**DATA SEGMENT:**
+++

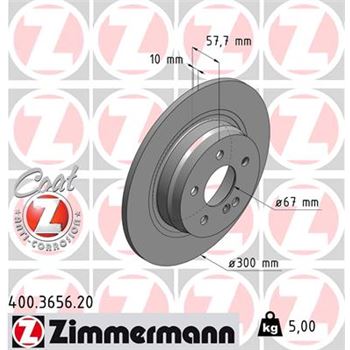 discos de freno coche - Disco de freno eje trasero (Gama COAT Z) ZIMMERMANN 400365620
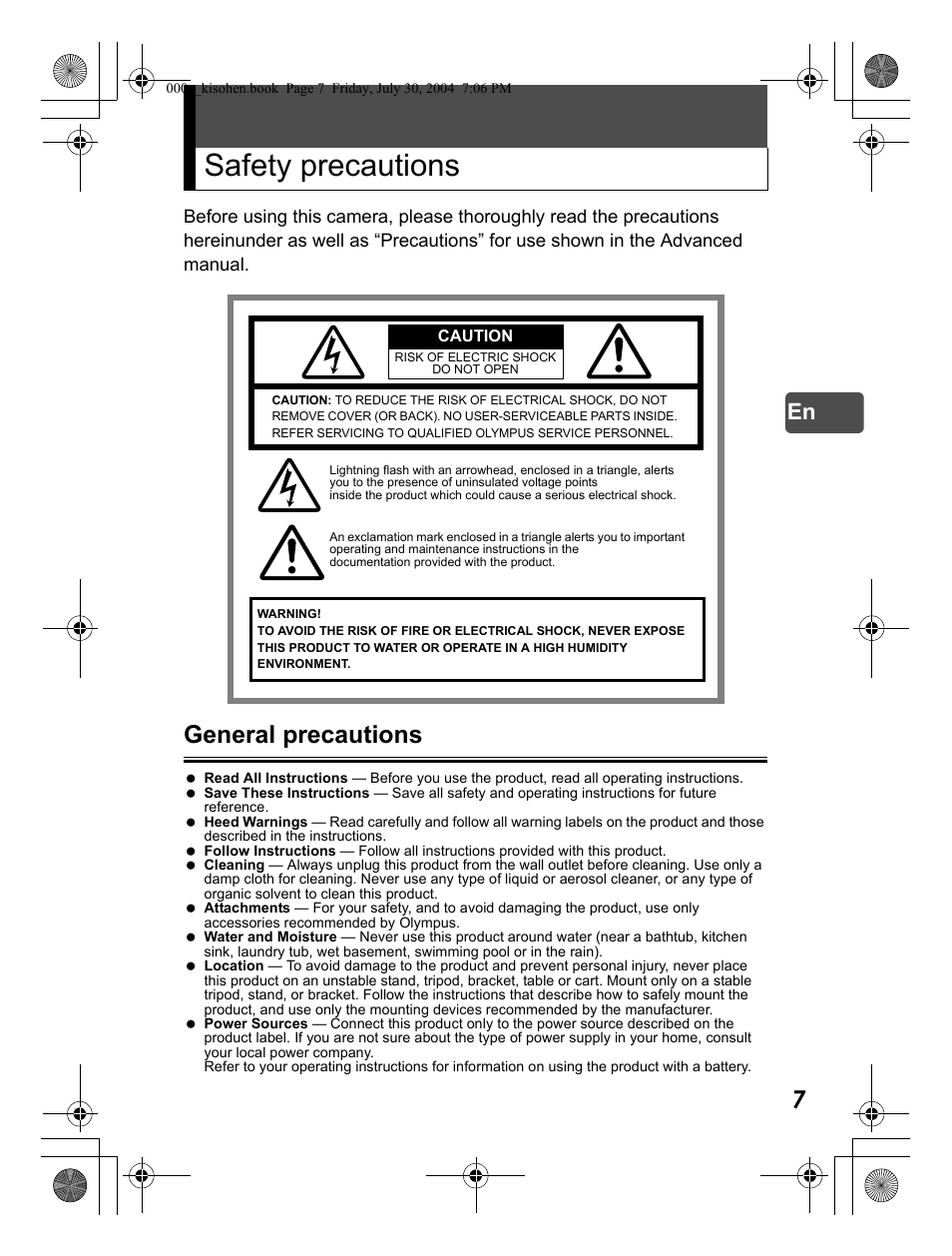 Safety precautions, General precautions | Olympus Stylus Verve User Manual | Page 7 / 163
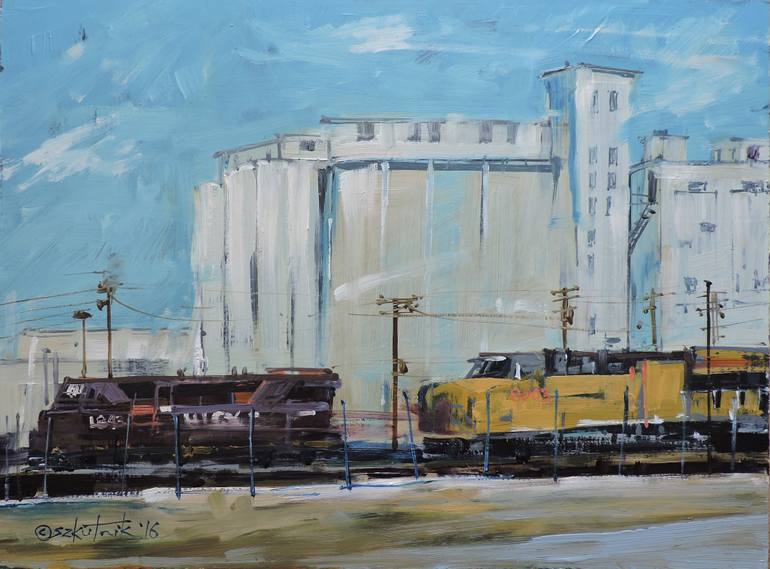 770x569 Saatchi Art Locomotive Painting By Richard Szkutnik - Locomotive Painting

+++

**WHAT THE TASK ASKS:**
An exact copy of the listing above is to be set down, with no pictures in it.

**FINISHED TASK:**
 discos de freno coche - Disco de freno eje trasero (Gama COAT Z) ZIMMERMANN 400365620
 Safety precautions, General precautions | Olympus Stylus Verve User Manual | Page 7 / 163
 770x569 Saatchi Art Locomotive Painting By Richard Szkutnik - Locomotive Painting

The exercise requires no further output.